Um die pro bono-Beratung weiter bekannt zu machen, startete der Verein eine Kooperation mit der gemeinnützigen Proboneo GmbH. Das junge Unternehmen aus Berlin hat sich auf die Vermittlung von pro bono-Projekten spezialisiert. Neben rechtlicher Beratung vermittelt Proboneo Unterstützung aus den Bereichen Kommunikation, Finanzen und Strategie an gemeinnützige Organisationen.
Pro bono hat viele Gesichter
Proboneo verzeichnet eine stete Nachfrage nach Rechtsberatung. Aktuell sucht beispielsweise ein deutsch-indisches Sozialunternehmen rechtlichen Rat. Hierbei geht es um Fragen der Gemeinnützigkeit bei Unternehmungen, die durch gewerbliche Betätigung und Spenden Mittel für gemeinnützige Zwecke generieren. Weitere Mandate, die bereits vermittelt wurden, umfassen Fragen des Gesellschafts-, Arbeits-, Datenschutz- oder Zivilrechts. Der zeitliche Aufwand variiert stark und kann zwischen 2,5 Stunden und 50 Stunden umfassen.

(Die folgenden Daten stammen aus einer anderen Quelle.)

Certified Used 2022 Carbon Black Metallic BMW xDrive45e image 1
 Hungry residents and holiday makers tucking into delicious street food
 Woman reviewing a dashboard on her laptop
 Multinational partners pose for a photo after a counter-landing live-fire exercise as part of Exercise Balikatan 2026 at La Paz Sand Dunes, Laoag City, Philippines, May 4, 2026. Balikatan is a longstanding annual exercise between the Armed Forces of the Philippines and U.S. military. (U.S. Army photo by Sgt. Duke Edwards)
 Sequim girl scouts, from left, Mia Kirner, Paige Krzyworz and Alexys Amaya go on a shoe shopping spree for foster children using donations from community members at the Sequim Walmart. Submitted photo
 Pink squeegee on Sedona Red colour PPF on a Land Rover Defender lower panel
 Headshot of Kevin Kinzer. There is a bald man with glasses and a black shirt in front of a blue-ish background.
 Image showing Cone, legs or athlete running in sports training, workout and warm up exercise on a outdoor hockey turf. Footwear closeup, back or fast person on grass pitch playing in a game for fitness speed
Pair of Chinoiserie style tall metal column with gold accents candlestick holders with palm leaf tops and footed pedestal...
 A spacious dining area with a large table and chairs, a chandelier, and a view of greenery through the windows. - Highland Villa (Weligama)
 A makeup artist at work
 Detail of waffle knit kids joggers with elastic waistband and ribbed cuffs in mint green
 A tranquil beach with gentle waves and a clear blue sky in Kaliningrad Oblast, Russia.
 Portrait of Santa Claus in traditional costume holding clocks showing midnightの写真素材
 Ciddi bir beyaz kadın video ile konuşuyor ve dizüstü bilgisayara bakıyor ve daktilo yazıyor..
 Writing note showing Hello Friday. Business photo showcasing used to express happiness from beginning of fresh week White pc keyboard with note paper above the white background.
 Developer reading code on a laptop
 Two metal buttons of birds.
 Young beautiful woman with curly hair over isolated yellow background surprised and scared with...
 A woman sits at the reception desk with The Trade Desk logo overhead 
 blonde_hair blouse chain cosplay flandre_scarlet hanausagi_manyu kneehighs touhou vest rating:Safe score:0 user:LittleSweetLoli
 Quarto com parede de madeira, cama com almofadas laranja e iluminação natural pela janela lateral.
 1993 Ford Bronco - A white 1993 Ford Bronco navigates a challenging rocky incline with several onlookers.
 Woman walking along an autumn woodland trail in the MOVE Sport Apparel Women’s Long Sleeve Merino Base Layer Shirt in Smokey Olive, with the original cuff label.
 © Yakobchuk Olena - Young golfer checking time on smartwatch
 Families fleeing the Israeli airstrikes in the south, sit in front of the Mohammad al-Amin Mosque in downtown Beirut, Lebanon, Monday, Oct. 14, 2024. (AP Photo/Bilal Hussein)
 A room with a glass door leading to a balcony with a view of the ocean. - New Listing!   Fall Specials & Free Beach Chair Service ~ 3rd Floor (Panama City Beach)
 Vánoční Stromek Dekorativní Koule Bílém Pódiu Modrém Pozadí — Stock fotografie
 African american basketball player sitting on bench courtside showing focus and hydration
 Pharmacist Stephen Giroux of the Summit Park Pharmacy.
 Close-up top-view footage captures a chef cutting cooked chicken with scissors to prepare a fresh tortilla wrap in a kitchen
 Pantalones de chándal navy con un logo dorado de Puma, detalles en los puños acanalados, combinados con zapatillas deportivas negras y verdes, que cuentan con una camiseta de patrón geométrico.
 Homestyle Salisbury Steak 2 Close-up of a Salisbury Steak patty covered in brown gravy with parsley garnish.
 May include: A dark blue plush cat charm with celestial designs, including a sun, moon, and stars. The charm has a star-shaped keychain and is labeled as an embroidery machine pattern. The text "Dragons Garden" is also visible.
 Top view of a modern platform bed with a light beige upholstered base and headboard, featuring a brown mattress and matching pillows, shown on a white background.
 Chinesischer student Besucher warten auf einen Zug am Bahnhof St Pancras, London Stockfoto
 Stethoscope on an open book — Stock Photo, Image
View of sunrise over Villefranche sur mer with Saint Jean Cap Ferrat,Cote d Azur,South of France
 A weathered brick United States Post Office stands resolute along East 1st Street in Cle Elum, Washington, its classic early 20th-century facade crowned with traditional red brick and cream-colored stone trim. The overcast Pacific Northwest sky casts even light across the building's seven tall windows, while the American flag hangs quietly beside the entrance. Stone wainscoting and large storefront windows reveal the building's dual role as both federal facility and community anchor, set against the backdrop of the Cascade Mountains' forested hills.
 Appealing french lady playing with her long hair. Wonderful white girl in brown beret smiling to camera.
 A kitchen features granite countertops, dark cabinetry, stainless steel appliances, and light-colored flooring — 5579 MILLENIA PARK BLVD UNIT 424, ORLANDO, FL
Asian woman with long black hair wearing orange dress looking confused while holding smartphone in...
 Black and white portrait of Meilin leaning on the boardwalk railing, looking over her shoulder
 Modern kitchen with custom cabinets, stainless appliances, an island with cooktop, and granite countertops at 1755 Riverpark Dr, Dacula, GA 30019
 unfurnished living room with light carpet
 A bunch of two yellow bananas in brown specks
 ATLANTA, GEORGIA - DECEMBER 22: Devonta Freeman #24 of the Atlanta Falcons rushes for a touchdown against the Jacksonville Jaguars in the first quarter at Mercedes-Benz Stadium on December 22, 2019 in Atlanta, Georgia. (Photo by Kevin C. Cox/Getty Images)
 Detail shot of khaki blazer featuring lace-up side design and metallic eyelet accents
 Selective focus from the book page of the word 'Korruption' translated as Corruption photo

Auch außerhalb der organisierten Vermittlung von pro bono-Mandaten engagieren sich viele Kanzleien seit langem wohltätig. Die Kanzlei P+P Pöllath beispielsweise gründete vor 15 Jahren die Stiftung ‘Hilfe zur Selbsthilfe‘ mit einem Fokus auf Mikrofinanzkredite. Die Stiftung arbeitet weltweit mit Nichtregierungsorganisationen zusammen und fördert die Vergabe von Mikrokrediten. Eine weitere Stiftung ‘ex oriente‘ fördert den Kulturaustausch zwischen Deutschland und China. Für diese und weitere Projekte stellt P+P Pöllath ihre Büro- und Veranstaltungsräume zur Verfügung und bietet finanzielle Unterstützung.
Die Berliner Sozietät Raue legt ihren pro bono-Schwerpunkt auf kulturelle Förderung. Hier unterstützen die Anwälte verschiedene Vereine und Archive, die zum Beispiel interreligiösen Dialog auf dem Tempelhofer Feld in Berlin initiieren, Kulturprojekte an Schulen realisieren oder Kafka-Briefe kaufen möchten.
Andere, wie die Buse-Anwälte Brem und Dierks, schenken eben ihre Zeit. "Man kann natürlich auch Geld spenden, aber wir geben unsere Zeit für andere Menschen", erklärt Brem seine Motivation, Menschen in der St. Pauli Kirche zu beraten. Auch er findet, die Zeit der Diskussionen ist vorbei: "Einfach machen und helfen statt lange darüber reden!"